Project URGE’s close alignment with the principles of the Christian Community Development Association [CCDA] has meant that we have sent people to CCDA conferences for training and have also invited speakers from CCDA to come and share valuable insight with people in our area. Over the years CCDA speakers and urban practitioners have included: Dr. John Perkins, Dr. Wayne Gordon, Dr. Barbara Williams-Skinner, Leroy Barber, Noel Castellanos (CEO of CCDA), Pastor Jonathan Brooks. CCDA has been and continues to be a source of great wisdom and encouragement for us. Please visit their website at www.ccda.org/

Project URGE has distributed hard copy newsletters as well as electronic ‘E-briefs’ to our contact list in an effort to help keep people informed about the many local events that were happening and specific needs among churches or ministries.

The Mothers in Need of Others ministry [MINO] has been effective in collecting and redistributing household and children’s items to primarily young, single mothers who needed a helping hand. A recent bowling fundraiser for MINO raised over $800 for beds for families who had been sleeping on floors.

Furnished 4 Life Ministries is partnering with The Pillar Church to open a thrift store to serve the under-resourced and will be poised to grow into a training facility for those needing basic job skills. This effort could go hand in hand with our Free to Fly Ministry team.
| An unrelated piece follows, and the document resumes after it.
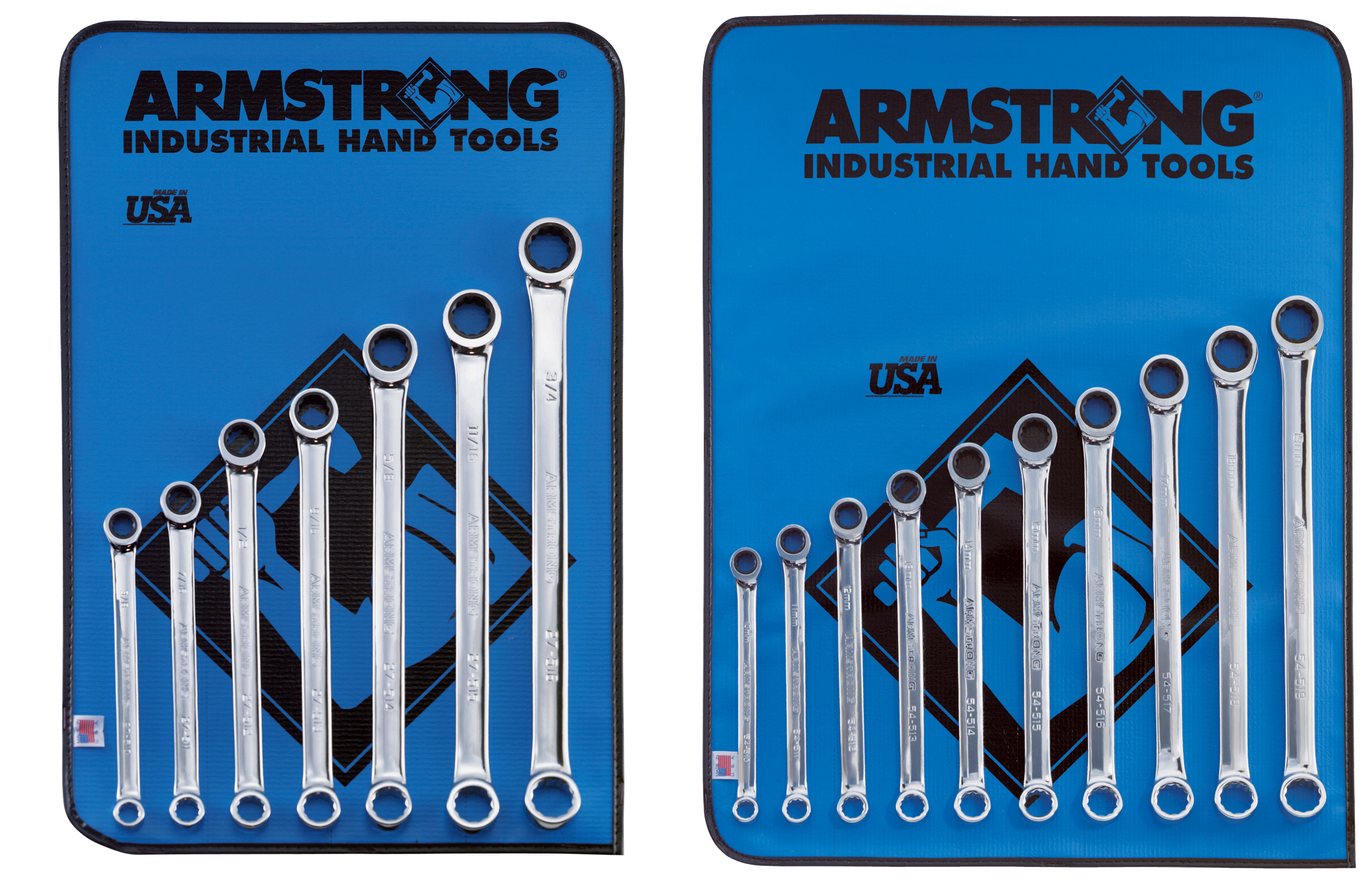 Armstrong 17 pc. 12 pt. Full Polish Ratcheting Box Wrench Set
Project URGE successfully brought together several churches, ministries and residents in the Beechwood Neighborhood to offer the Beechwood Christmas Store to bring dignity to gift giving and purchasing in an under-resourced neighborhood. This was a new idea for Rochester, but Project URGE borrowed the idea from FCS Ministries in Atlanta, and consulted with them to get this initiative started. Our mission is now to grow this idea in several parts of the city of Rochester in the "poverty crescent".

This effort was a win/win/win. 1) People that were under huge financial constraints were able to select and purchase their own gifts for their family, bringing dignity to the process, 2) Churches and organizations as well as residents came together to build stronger relationships and accomplish an important outreach event to the Beechwood neighborhood and 3) any dollars collected offset the costs and the remaining funds went to the organizations involved that build into the neighborhood.

We have been committed to connecting and uniting people from many different churches and organizations to work together to break down the barriers of poverty, racial divide, and despair in the name of Jesus Christ.